I tried to set-up an MX65 with openwrt. I did:

###########################################################################

U-boot installation: MX65 Only

Prepare a USB drive formatted to FAT. Download uboot_mx65 to the USB drive from the following location:
https://github.com/clayface/U-boot-MX64-20190430_MX65

Once you have telnet access to the MX65, plug in the USB stick and run the following commands. This is the most dangerous step so please ensure the dd command is entered correctly:
cd /tmp/media/sda1
dd if=uboot_mx65 of=/dev/mtdblock0

It seems to have worked fine.

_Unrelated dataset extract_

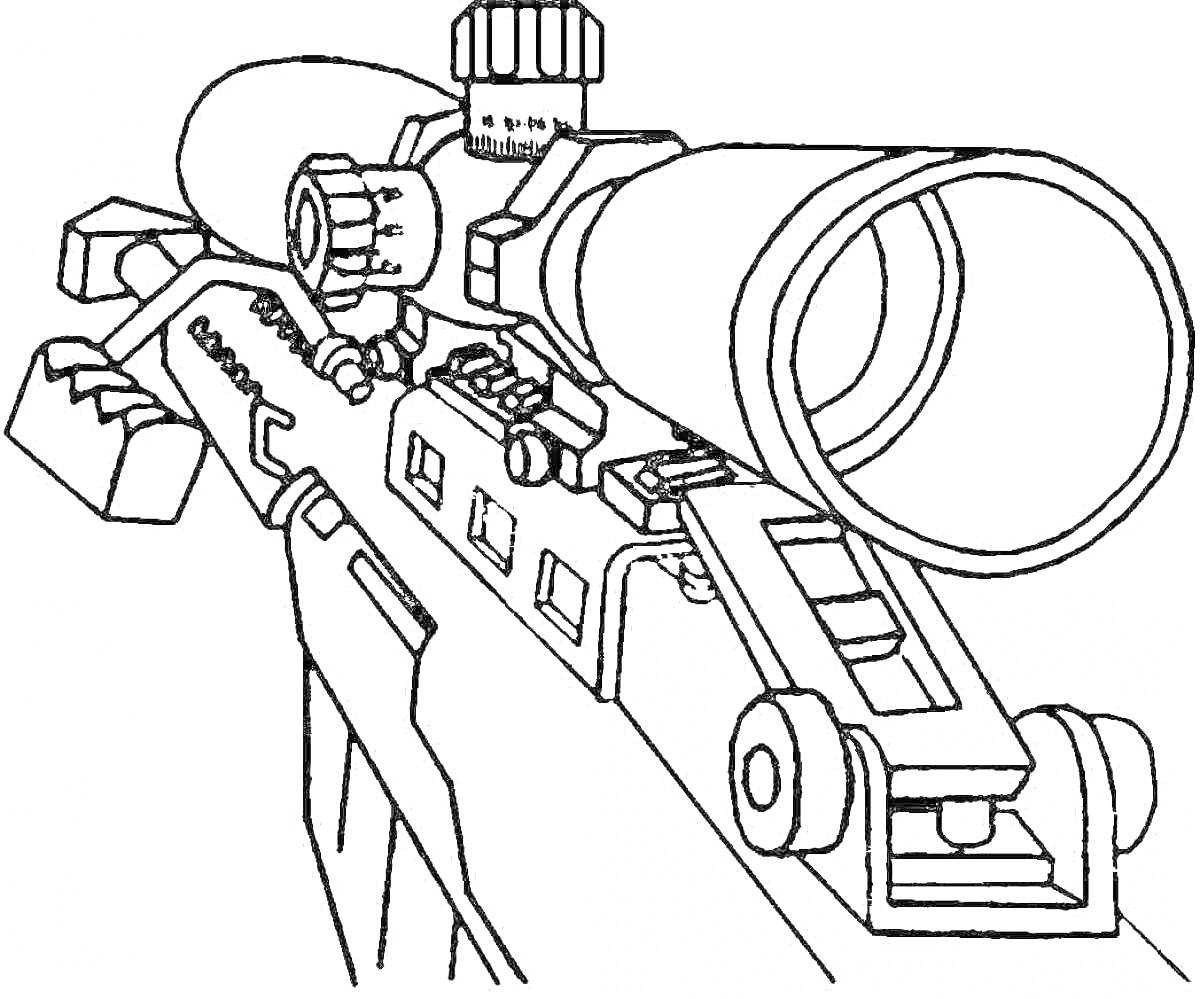 На раскраске изображено: Винтовка, Оптический прицел, Оружие, Контурные рисунки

However, now I can't get the router to boot on openWRT.
I have openwrt-bcm5862x-generic-meraki_mx65-initramfs-kernel.bin on the / of the USB Drive (which I have now formater to FAT16 (it's a 4GB disk, so I made a new FAT16 partition of 32MB).

When I plugin the power with the reset button pressed, I see the orange light on and then the orange and white light alternate for a few sec (so I release the reset button). The light stays orange and when I plug an ethernet to any of the LAN, I can see that the RX light turn on but NOT the TX light. So when I try to ping the router, I get nothing.

Is there anything else I can do? Does that mean I bricked the router when I did: dd if=uboot_mx65 of=/dev/mtdblock0 ?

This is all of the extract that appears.